Usain Bolt Confirmed to Star at London Anniversary Games
The fastest man on the planet is coming back to London. Al Dannity reports on this morning’s announcement that Usain Bolt will race at London’s Anniversary Games.
Is it 2014 already? I ask because it’s usually at the mid-point in Olympiads that the top athletes in the world show less rigidity in their schedules. While the Commonwealth Games are dear to some, likewise the European Championships, it’s usually that mid-cycle year that the world’s headline grabbers strut their stuff more freely. This is 2013, there’s a World Championship this year, I’m calling Usain Bolt running in London a big-time bonus for track fans.
No doubt he’ll also be getting a big-time pay-check but he’s totally worth it. Bolt would be a marvel to behold were he just the most gifted sprinter ever to grace the planet. The Jamaican is of course much more than that. This is a man whose confidence borders on arrogance but not to a point where it could put anyone off. Bolt has too much charisma for that. Remember last August as he went to the blocks for the 200m final at the 2012 Summer Olympics. Bolt started chatting to one of the volunteers in the next lane and fist bumped the volunteer manning his blocks. That’s style, that’s confidence, that’s something only a man who’d give the Flash a run for his money can do.
The Anniversary Games won’t be like a standard Grand Prix meet. Taking place over three days, instead of the usual single evening, with the third day being solely for Paralympic events this event will put Athletics in a global spotlight a month before the World Championships. Bolt heads a cast of 12 Olympic champions signed up for the event, including Jessica Ennis whose star rocketed in London last year.

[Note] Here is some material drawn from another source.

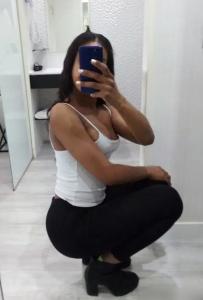 641040782: Chica busca chico en Pontevedra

Signing Bolt is a massive coup for the organisers as this will be the first time, save for last year’s Olympics, since 2009 that Bolt has raced in Britain. Tax rules had put him off racing in recent editions of the London Grand Prix but a change in British law has removed this obstacle. Bolt will run the 100m on the Friday of the event and then race the 4x100m on the Saturday. “I’m looking forward to coming back to the UK, especially with it being a year since winning three gold medals in the Olympic Stadium,” said Bolt. “The crowd were amazing at the Games and I hope they will be out again in their numbers at the end of July.”